FIGS. 19A, 19B, 19C, 19D, and 19E depict the IC 1200 after inner spacer indentation. In preparation to form inner spacers 1002 (depicted in FIGS. 20A, 20B, 20C, 20D, and 20E), isotropic etching is performed to selectively remove end portions of the sacrificial layers 120 and 1402 resulting in cavities at the ends. Etching is performed that results in a width W1 for the sacrificial layers 120 in the x-axis as depicted in FIG. 19D, and a width W2 for sacrificial layers 1402 in the x-axis as depicted in FIG. 19E. The width W2 is greater than the width W1. The width W2 of sacrificial layers 1402 includes additional portions 1922. The higher germanium percentage in the SiGe material of the sacrificial layers 1402 as compared to the lower germanium percentage in the SiGe material of the sacrificial layers 120 causes the sacrificial layers 1402 to have a faster etch rate than the sacrificial layers 120. The faster etch rate causes the formation of a corner edge depicted as portions 1922 that have a curvature as depicted in FIG. 19A. The curvature of the corner edge portions 1922 of the sacrificial layers 1402 results in an improved inner spacer profile in the y-axis. As noted herein, one or more upper layers may not be illustrated in the top view in order to avoid obscuring the figure and to highlight certain aspects for the reader, according to one or more embodiments.
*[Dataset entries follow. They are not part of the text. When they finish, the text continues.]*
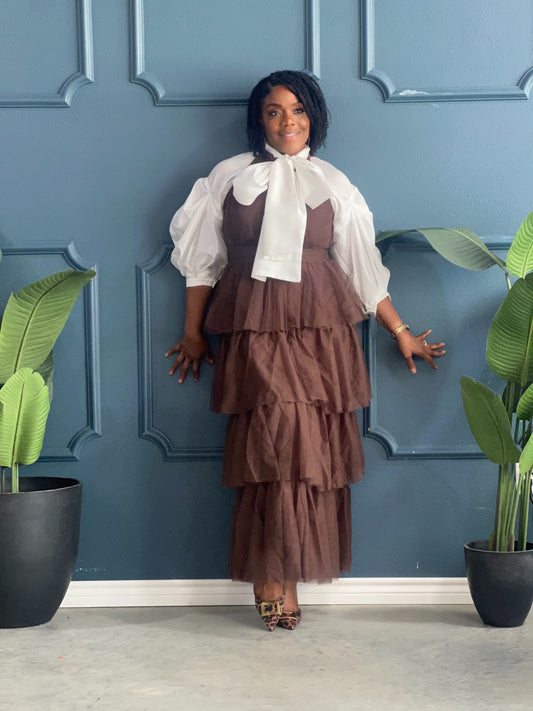 Tiered Maxi Dress (Chocolate)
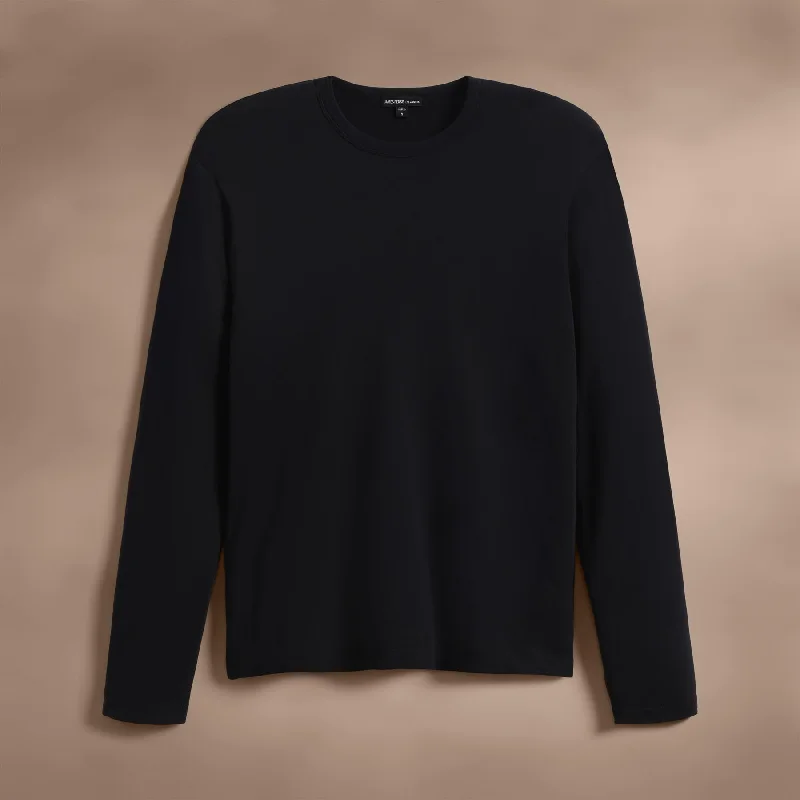 Brushed Lotus Long Sleeve Crew - Black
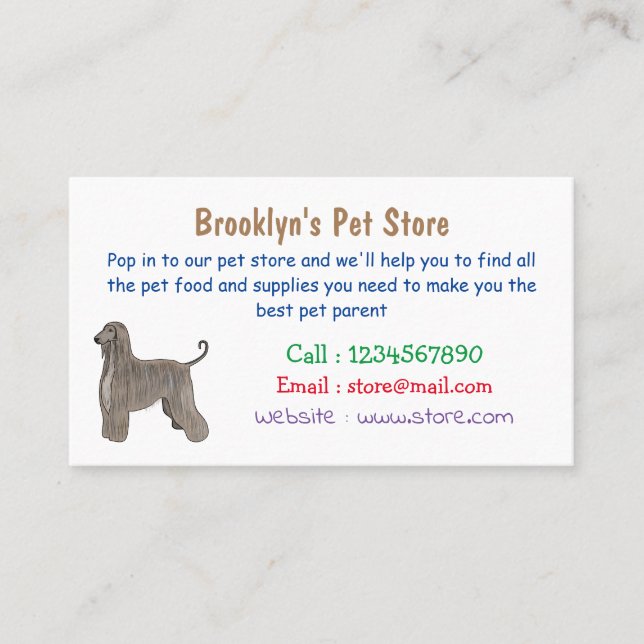 Afghan hound dog cartoon illustration business card (Front)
FIGS. 20A, 20B, 20C, 20D, and 20E depict the IC 1200 after inner spacer formation. Inner spacer material is deposited to fill the cavities, and etching is performed to remove the excess spacer material, resulting in the inner spacers 1002 on the ends of the sacrificial layers 120 and 1402. Example materials of the inner spacers 1002 can include nitrides, low-k dielectric materials, etc. Example materials of the inner spacers 1002 may include SiBCN, SiOCN, SiN, SiOC, SiC, etc. As depicted in FIG. 20C, the top-most inner spacer has the reduced thickness T2, while the other inner spacers have the original thickness T1. As recalled in FIGS. 13A and 13B, isotropic etching was performed to reduce the thickness of the top-most sacrificial layer 120 from the original thickness T1 to the reduced thickness T2, thereby resulting in the subsequent formation of the top-most inner spacer 1002 with the reduced thickness T2 in FIG. 20C. In one or more embodiments, the reduced thickness T1 can be less than half the thickness T2 of the inner spacers. In one or more embodiments, the reduced thickness T1 can be about 50% or less than, but greater than 1% of, the thickness T2. In one or more embodiments, the reduced thickness T1 can be about 40-70% less than the thickness T2.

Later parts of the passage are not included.